4. La causa veniva assunta in decisione presso la VI Sezione del Consiglio di Stato, nella pubblica udienza del 14 giugno 2011.

Il ricorso non può essere accolto.

Non risultano infatti adeguatamente contestati alcuni oggettivi dati di fatto posti a fondamento dell’appellata sentenza del Tribunale amministrativo.

In primo luogo, non può contestarsi la cessazione dell’attività della ditta in esame nella sede di Soleto, a partire dall’11 novembre 1983. Va peraltro ricordato che in tale sede la ditta si era trasferita solo il 3 marzo 1983, risultando il mutuo richiesto il 2 marzo 1982.

Ancora, la rinnovata iscrizione all’Albo in data 5 novembre 1984 risultava, come sopra ricordato, a favore di A. G., ma con diversa attività ed in altro Comune (Carpignano Salentino).
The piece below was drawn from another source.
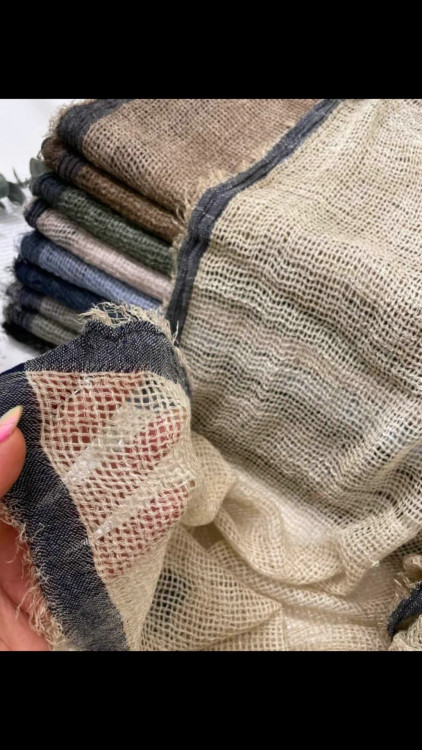 شال حصیری دور قاب وارداتی در ده ترکیب رنگ ترند سال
Non risulta che di ciò sia stata data comunicazione né alla B., né all’Artigiancassa.

Non è contestata l’apertura di una palestra in parte degli originari locali, in relazione ai quali era stato concesso il contributo bancario per l’esercizio di una attività artigianale di "confezioni vestiario".

Nemmeno sembra sufficiente a testimoniare la ripresa ed il proseguimento dell’attività presso la sede di Soleto, l’indicazione di domiciliazioni amministrative o commerciali presso la sede stessa. Non risultano prodotte dal ricorrente testimonianze o prove di carattere oggettivo, nè risulta che il ricorrente abbia contestato presso le opportune sedi giudiziarie la veridicità degli accertamenti ispettivi, effettuati dall’Artigiancassa, relativi al puntuale stato dei luoghi ed alla loro destinazione in occasione della visita.
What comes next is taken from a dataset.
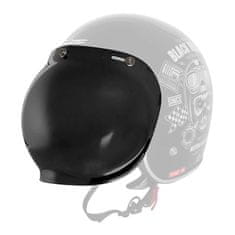 W-TEC Přídavné hledí k helmě Kustom a V541 Barva kouřové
Sembra quindi da condividersi l’orientamento del giudice di primo grado sulla mancata osservanza da parte del ricorrente non solo delle dichiarazioni e degli impegni presi con la B. mutuante e da questa comunicati, come sopra ricordato, all’Artigiancassa; ma anche delle disposizioni di cui al d.m. 15 aprile 1975, emesso ex articolo 37 della legge n. 949 del 1952, sui limiti e modalità per la concessione dei contributi.
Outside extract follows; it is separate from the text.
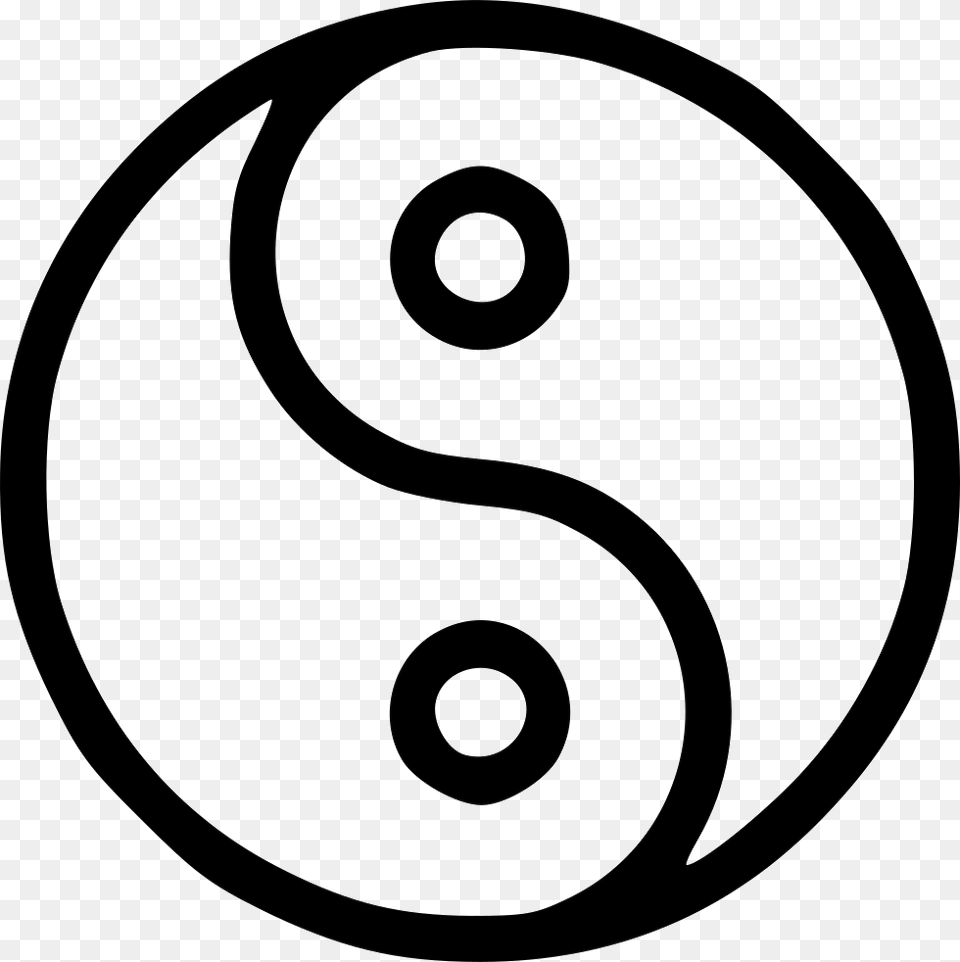 Yin Yang Yin And Yang, Symbol, Number, Text, Ammunition Free Transparent Png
In base a tale disposizione, i beni oggetto del finanziamento devono essere materialmente inseriti nell’azienda artigiana beneficiaria, completamente realizzati ed utilizzati per l’attività dell’impresa stessa.

Ancora, l’articolo 2 del d.m. da ultimo ricordato, prescrive, come prima richiamato, che "la destinazione dichiarata deve essere mantenuta – materialmente e giuridicamente – per tutta la durata del finanziamento, sotto pena di revoca, totale o parziale, del contributo".

Cosa non avvenuta nel caso di specie.

Non sembra quindi possibile, ad una oggettiva valutazione dei dati di fatto e di diritto sottoposti al Collegio, accogliere il ricorso avanzato.

P.Q.M.

Il Consiglio di Stato, in sede giurisdizionale, Sezione VI, respinge l’appello in epigrafe e conferma la sentenza di primo grado.

Condanna la parte soccombente alle spese quantificate in 3.000,00 (tremila/00) euro.

Ordina che la presente sentenza sia eseguita dall’autorità amministrativa.

Testo non ufficiale. La sola stampa del bollettino ufficiale ha carattere legale.